How Cross Docking Helps in Supply Chain Management?

Cross docking is a logistics method in which the carrier immediately unloads the cargo from an entering container and then loads it directly to an outbound carrier, also known as from dock to dock. It is a practice that keeps supply chains moving in an effective and productive manner. Rather than a standard distribution center (DC), cross-docking facilities are more of a “separating center”; a place where goods quickly pass through.

Cross docking warehouses take much less storage space than a DC. The docking station consists of inbound and outbound lanes. So, inbound cargos go to a receiving dock and then the goods go directly to outbound destinations on conveyor belts or sorted and amalgamated before making their way to outbound shipping. Usually, the products spend less than 24 hours within a docking terminal.

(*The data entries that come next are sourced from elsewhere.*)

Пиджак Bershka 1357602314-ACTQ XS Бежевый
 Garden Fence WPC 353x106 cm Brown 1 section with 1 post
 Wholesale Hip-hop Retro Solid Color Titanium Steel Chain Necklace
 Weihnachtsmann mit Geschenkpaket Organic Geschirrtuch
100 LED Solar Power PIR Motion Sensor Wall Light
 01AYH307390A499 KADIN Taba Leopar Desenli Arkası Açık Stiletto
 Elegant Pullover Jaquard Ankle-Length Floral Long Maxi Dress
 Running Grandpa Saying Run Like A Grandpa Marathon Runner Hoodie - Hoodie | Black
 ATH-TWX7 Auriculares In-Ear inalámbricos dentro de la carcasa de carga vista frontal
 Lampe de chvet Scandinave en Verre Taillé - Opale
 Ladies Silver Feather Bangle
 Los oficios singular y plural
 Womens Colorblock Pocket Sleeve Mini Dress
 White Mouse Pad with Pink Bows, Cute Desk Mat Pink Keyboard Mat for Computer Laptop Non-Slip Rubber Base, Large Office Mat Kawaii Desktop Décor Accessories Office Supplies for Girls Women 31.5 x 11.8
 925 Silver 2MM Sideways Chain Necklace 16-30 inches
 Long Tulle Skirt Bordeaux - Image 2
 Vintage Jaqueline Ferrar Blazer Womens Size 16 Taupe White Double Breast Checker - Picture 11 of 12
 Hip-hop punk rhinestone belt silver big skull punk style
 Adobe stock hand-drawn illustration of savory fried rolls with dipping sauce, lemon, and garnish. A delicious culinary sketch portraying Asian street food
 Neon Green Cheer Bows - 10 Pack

Moving from traditional DCs would enable a company to increase inventory turns and reduce distribution and material handling costs. Effective cross-docking leads a business to cost savings by reducing the need for warehouse space and labour costs (less packaging and storing). This method seems to be a universal advancement for the supply chain. However, there are some industries that benefit from this method, they include:

  • Foods, beverages and perishable goods
  • Raw materials and inbound supplier components
  • Parcels, already packed and sorted products

Cross-docking has a variety of benefits, the primary one being a re-structuring of the supply chain. Without the need for a real distribution center, warehouse storage and management costs become no longer a factor, and the product is moved quickly step by step in the supply chain.

Less inventory handling leads to reduction in labour costs, as well as reduction in the risk of damage in the inventory handling phase. A reduction in inventory handing costs is another cost-benefit, and reduction in storage times and faster processing, products reach to the distributor and the end consumer quicker.

However, there are some risks associated with cross-docking…

It’s important, that companies want to adopt cross-docking in order to re-structure their process, must understand the initial costs and requirements for executing it properly. A computerized and well-maintained logistics system needs heavy investment in automation, inbound and outbound logistics, visibility, and an adequate transport fleet. Proper tracking is important for overall functioning as well. There are some potential risks associated with additional freight handling and labour costs associated with moving and shipping the goods.



It is cost-effective for a company having high-volume shipments and substantial transportation needs otherwise, shipping won’t be fast and smooth. Also, the method requires a heavy investment in inbound and outbound logistics, automation, and visibility.